Assignment –
Reproduce, word for word, the lines in the material below starting with the one that has "9550 South 325 Road Property Photo 34" and going on through the one that has "The Longest Yard UMD". Leave out all pictures.

Records for the exercise –
····················

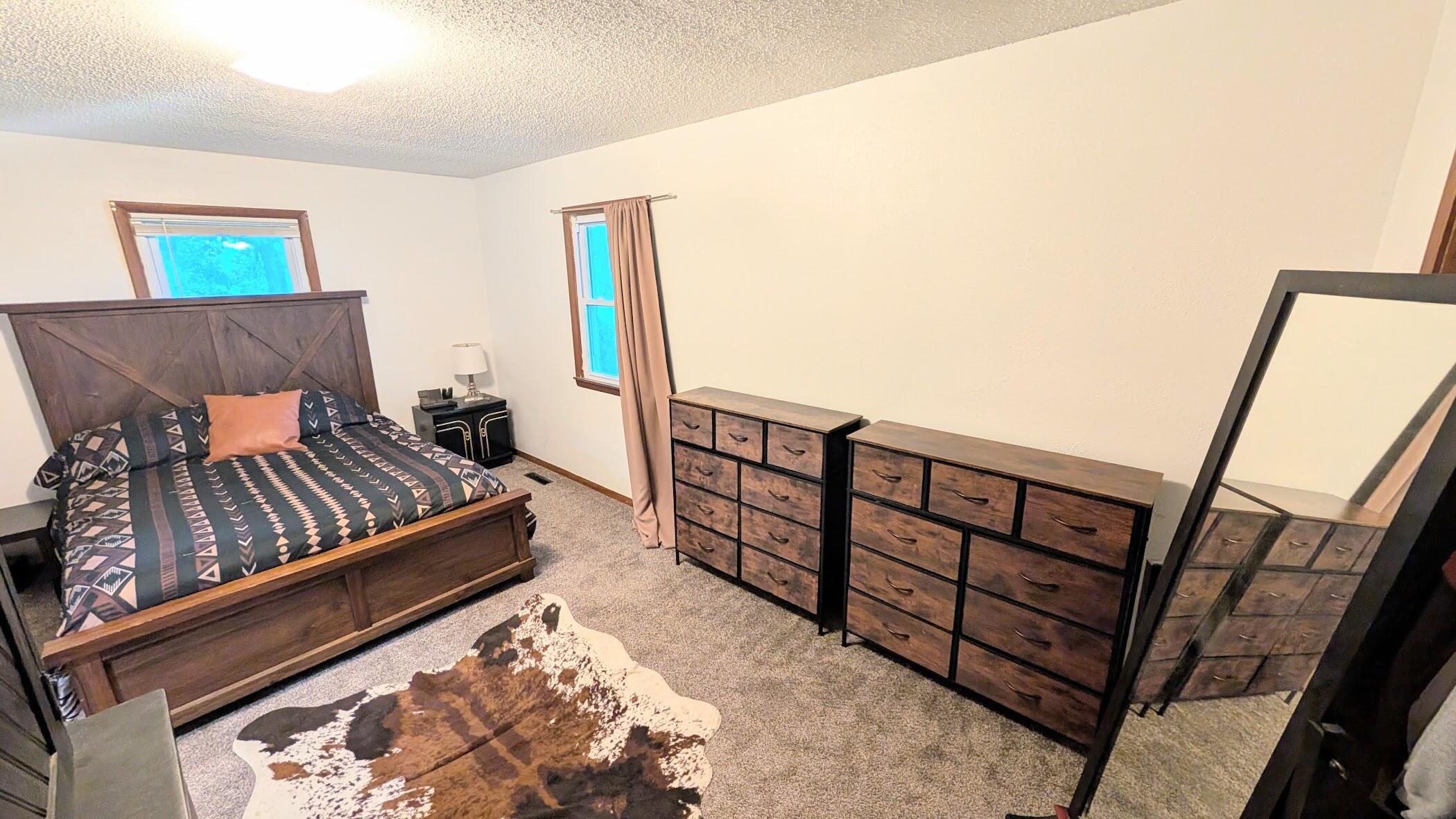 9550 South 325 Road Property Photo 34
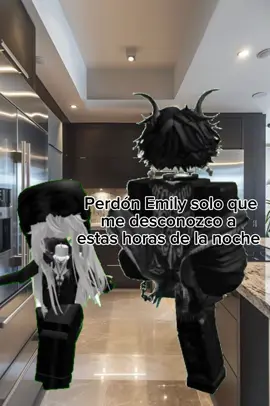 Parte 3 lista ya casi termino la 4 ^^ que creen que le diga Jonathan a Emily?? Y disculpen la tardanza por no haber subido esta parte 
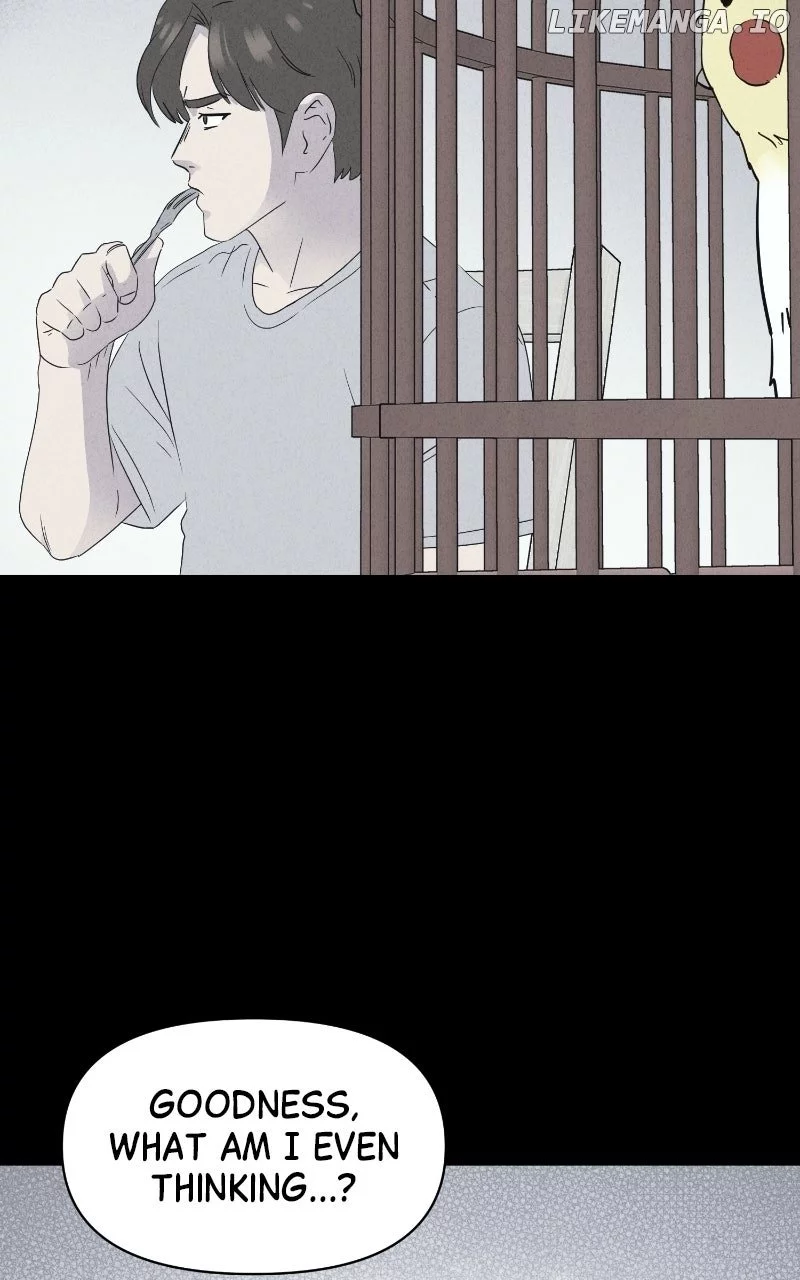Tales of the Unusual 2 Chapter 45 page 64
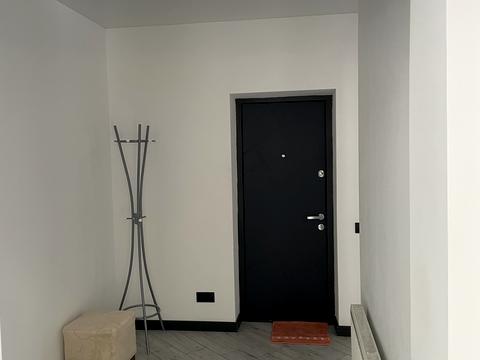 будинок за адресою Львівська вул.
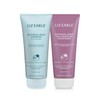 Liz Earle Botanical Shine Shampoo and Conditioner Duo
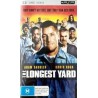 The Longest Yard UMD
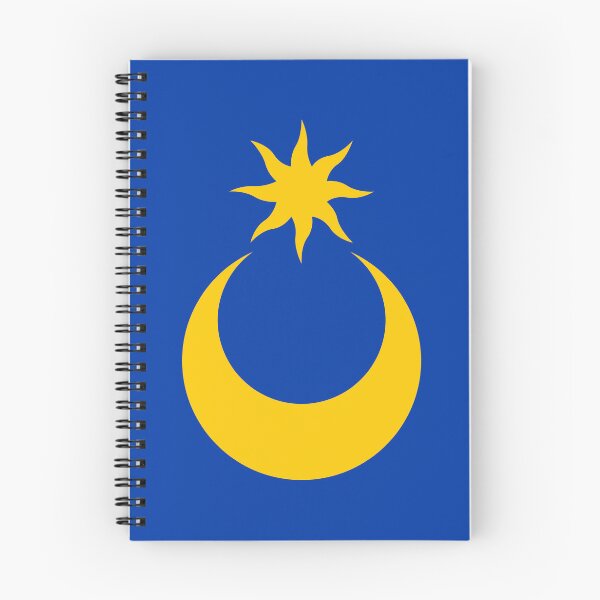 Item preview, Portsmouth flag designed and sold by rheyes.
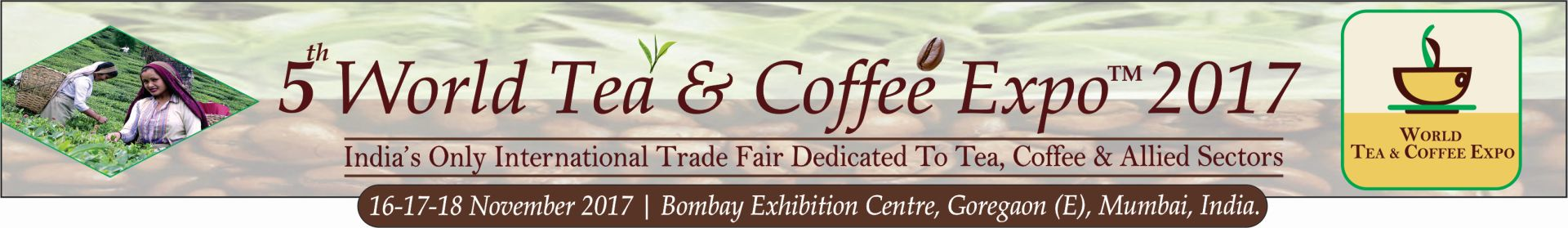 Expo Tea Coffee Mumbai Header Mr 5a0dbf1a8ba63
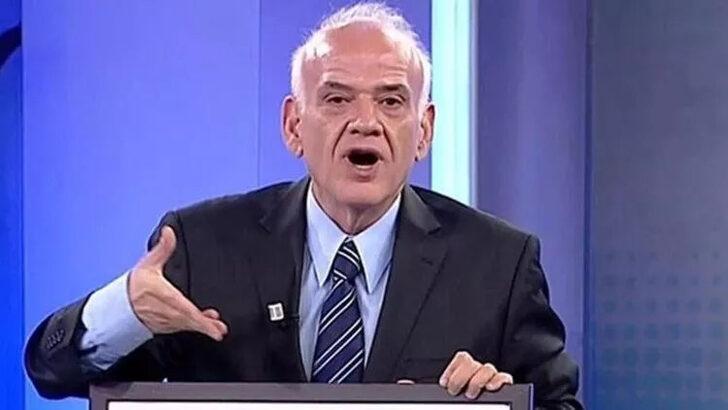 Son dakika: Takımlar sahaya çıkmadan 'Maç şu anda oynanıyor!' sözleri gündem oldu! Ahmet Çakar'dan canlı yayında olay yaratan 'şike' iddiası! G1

····················

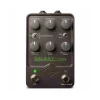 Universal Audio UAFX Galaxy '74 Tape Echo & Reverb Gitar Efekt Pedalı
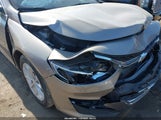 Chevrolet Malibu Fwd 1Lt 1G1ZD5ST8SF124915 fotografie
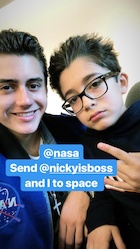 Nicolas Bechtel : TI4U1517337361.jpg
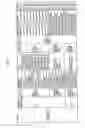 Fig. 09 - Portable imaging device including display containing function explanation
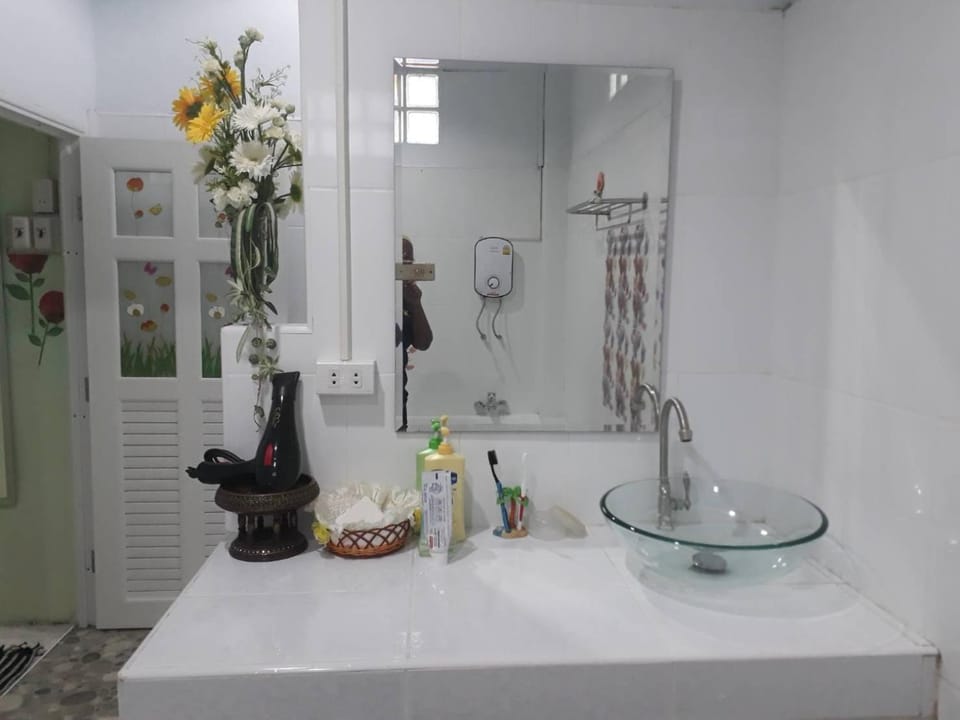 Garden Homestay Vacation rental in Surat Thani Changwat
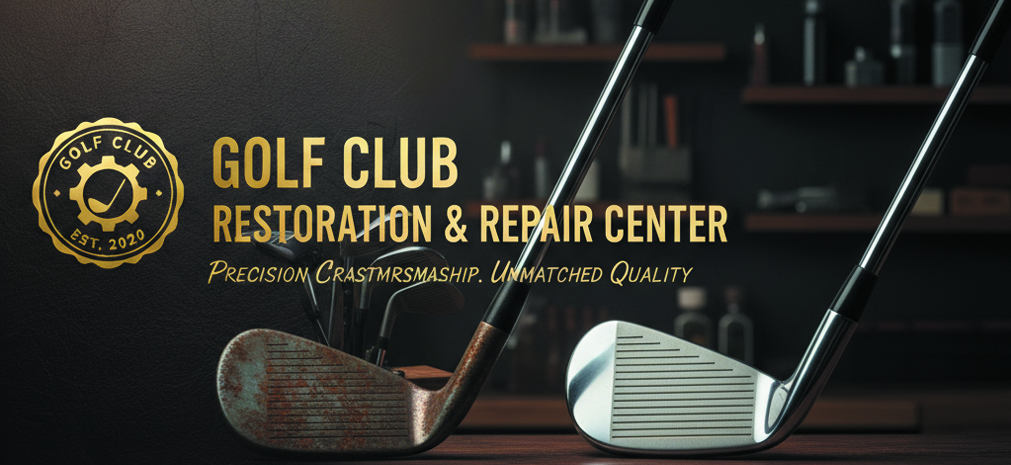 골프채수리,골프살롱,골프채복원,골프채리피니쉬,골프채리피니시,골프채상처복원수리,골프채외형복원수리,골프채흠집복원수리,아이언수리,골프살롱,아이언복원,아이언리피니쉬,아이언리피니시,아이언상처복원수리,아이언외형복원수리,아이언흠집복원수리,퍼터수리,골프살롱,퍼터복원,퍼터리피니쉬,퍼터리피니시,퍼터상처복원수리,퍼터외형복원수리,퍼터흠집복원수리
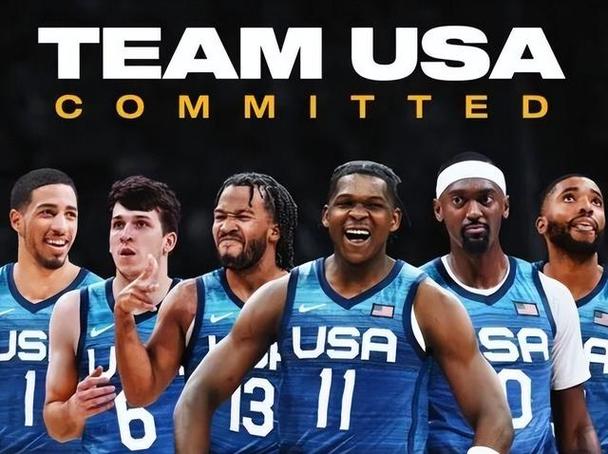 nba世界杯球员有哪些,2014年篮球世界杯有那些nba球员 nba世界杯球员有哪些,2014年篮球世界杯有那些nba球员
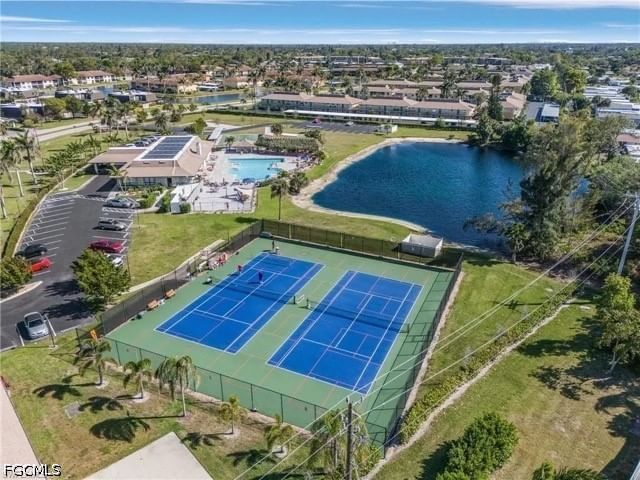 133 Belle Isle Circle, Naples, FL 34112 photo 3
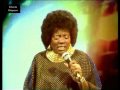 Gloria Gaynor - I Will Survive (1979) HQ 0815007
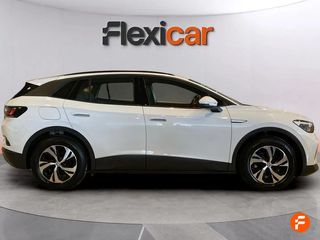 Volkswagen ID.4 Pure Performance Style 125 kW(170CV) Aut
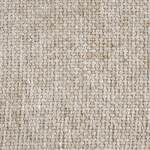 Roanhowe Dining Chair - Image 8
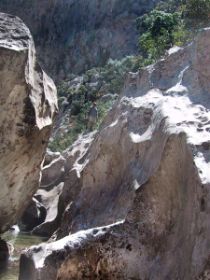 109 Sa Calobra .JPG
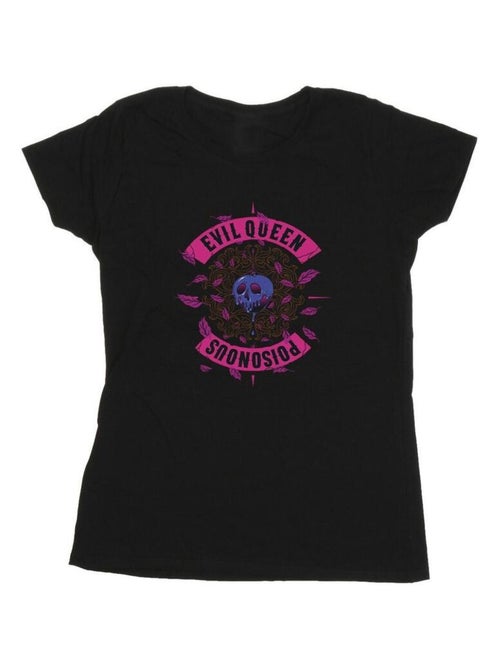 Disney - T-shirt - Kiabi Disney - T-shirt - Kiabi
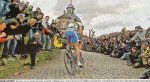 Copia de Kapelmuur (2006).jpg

····················

The completed task –
 9550 South 325 Road Property Photo 34
 Parte 3 lista ya casi termino la 4 ^^ que creen que le diga Jonathan a Emily?? Y disculpen la tardanza por no haber subido esta parte 
Tales of the Unusual 2 Chapter 45 page 64
 будинок за адресою Львівська вул.
 Liz Earle Botanical Shine Shampoo and Conditioner Duo
 The Longest Yard UMD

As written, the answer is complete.